We report the regression results (estimated by OLS) of the model for the length of stay, mortality, and readmission within 30 days of discharge as outcome variables in Table 2, Table 3, and Table 4, respectively. By using OLS, we assume a linear probability model for mortality and readmission. As a robustness check, we also estimate the models for these two binary outcome variables using Logistic regression; the results are qualitatively the same and quantitatively similar.

In each table, the first column reports the results where a binary \({CDS}{S}_{i}\) variable represents whether an episode involves any automated care plan orders. Meanwhile, the last column reports the results for the percentage of automated care plan orders to capture the extent of CDSS utilisation during the episode. As a sensitivity check, we also report in Supplementary Tables 24 the results for different specifications of the model, where we exclude some selected control variables from the regression model.

To complement the quantitative analysis, semi-structured interviews were conducted with multidisciplinary staff to explore perceptions, values, and experiences of the CDSS (Table 5). Convenience and snowball sampling were used to invite participants who used, or had knowledge of the use of the CDSS. Participants include senior physicians or medical directors (n = 7), a junior physician (n = 1), a senior nurse (n = 1) and a clinical informatician (n = 1), each with varying roles related to use, design or governance of the care plan (Supplementary Table 5). The interviews aimed to ascertain participant perspectives on use, workflows, training, design, governance, and sentiment towards the CDSS.

Table 5 Semi-structured interview guide

Semi-structured interviews were conducted online via Microsoft Teams. Researchers TH and ABJ conducted 9 interviews in 2021; TH conducted 6 independently, ABJ conducted 1 independently, and 2 were conducted collaboratively. In 2024, SR and ABJ conducted 5 interviews, 3 collaboratively and two independently by SR. TH is an academic researcher who developed the interview guide and is experienced in conducting qualitative research. ABJ is an information systems academic highly experienced in interview data collection and analysis.
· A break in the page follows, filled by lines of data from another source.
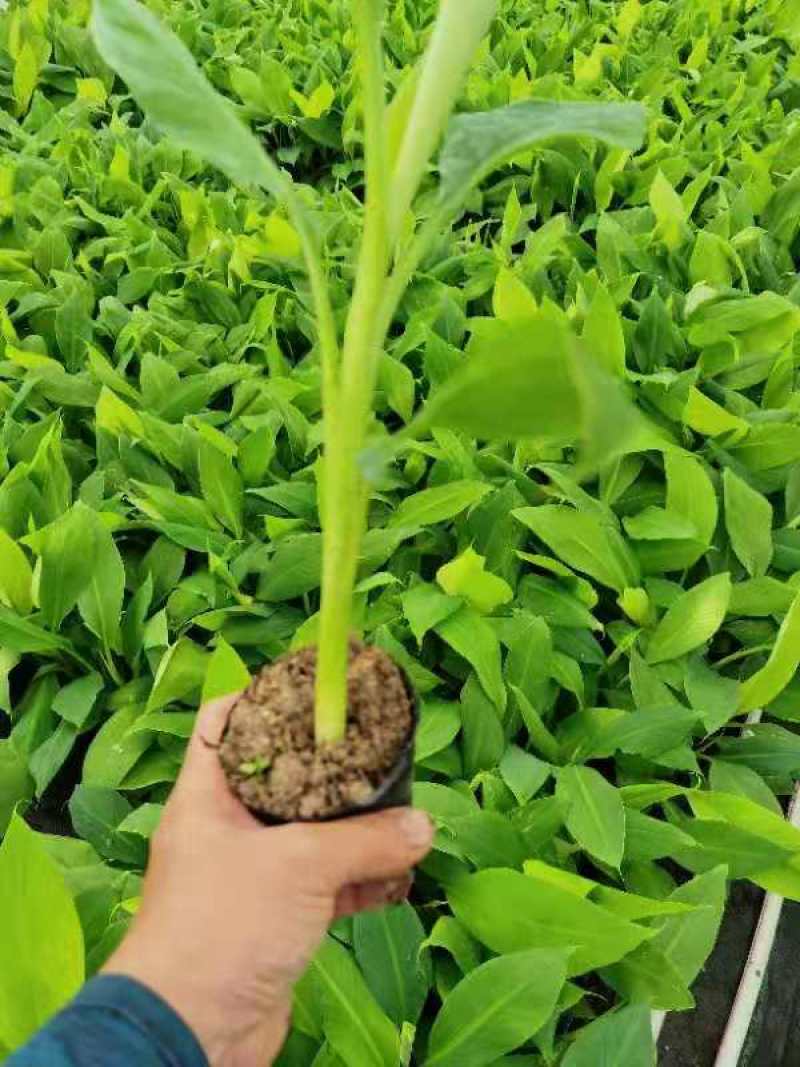 广西农业学院香蕉苗、西贡粉蕉苗批发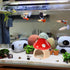 Saim Aquarium Mushroom House, Ceramic Mushroom Cave, Fish Tank Landscape Aquarium Hideout Hideaway Spawning Cave for Betta Fish, Shrimp Crab to Re...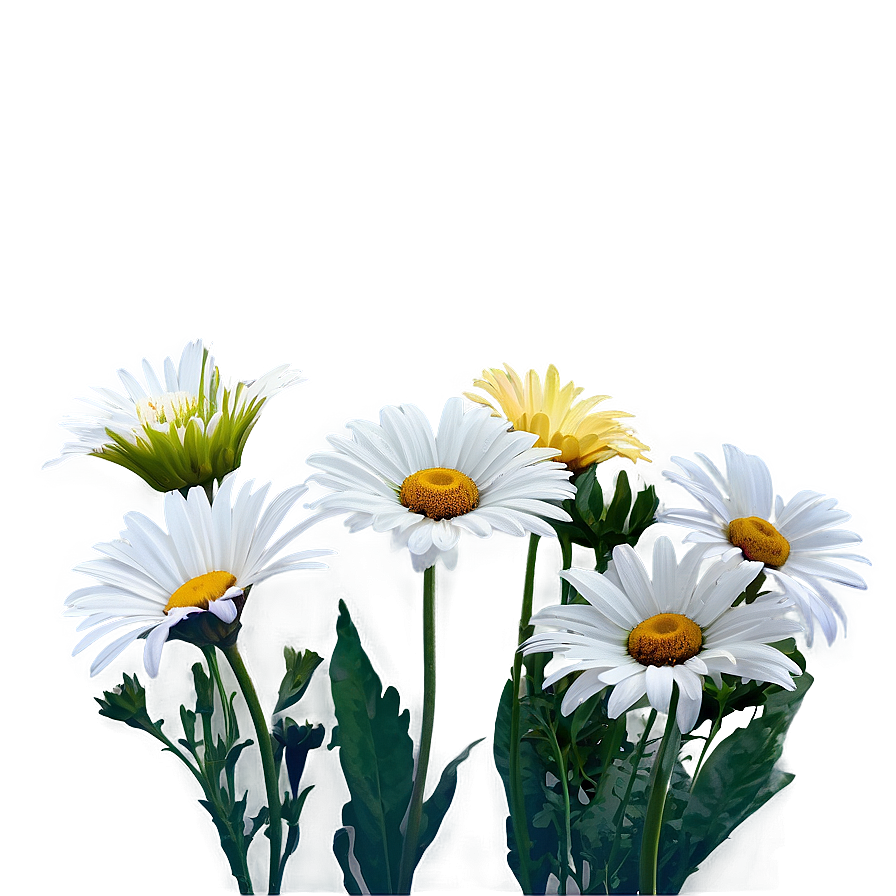 Serene Daisies Landscape Png 06122024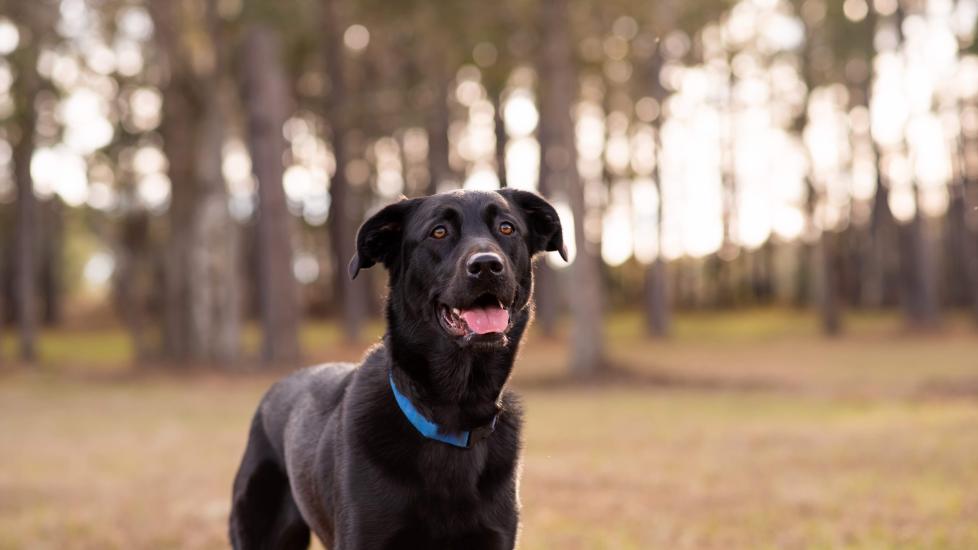 What to Expect from a German Shepherd and Lab Mix (Sheprador)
SR is a clinician-researcher with experience in qualitative data collection and analysis. Interviews were recorded and transcribed verbatim using Pacific Transcription or via Microsoft Teams' built-in transcription. SR reviewed transcripts for accuracy, and thematic analysis32,33 was conducted within NVivo Version 1434. SR conducted data familiarisation to gain a comprehensive understanding of the content prior to assigning initial codes. These codes were then modified to aid in developing overall themes. Researcher ABJ reviewed these themes for accuracy and consensus.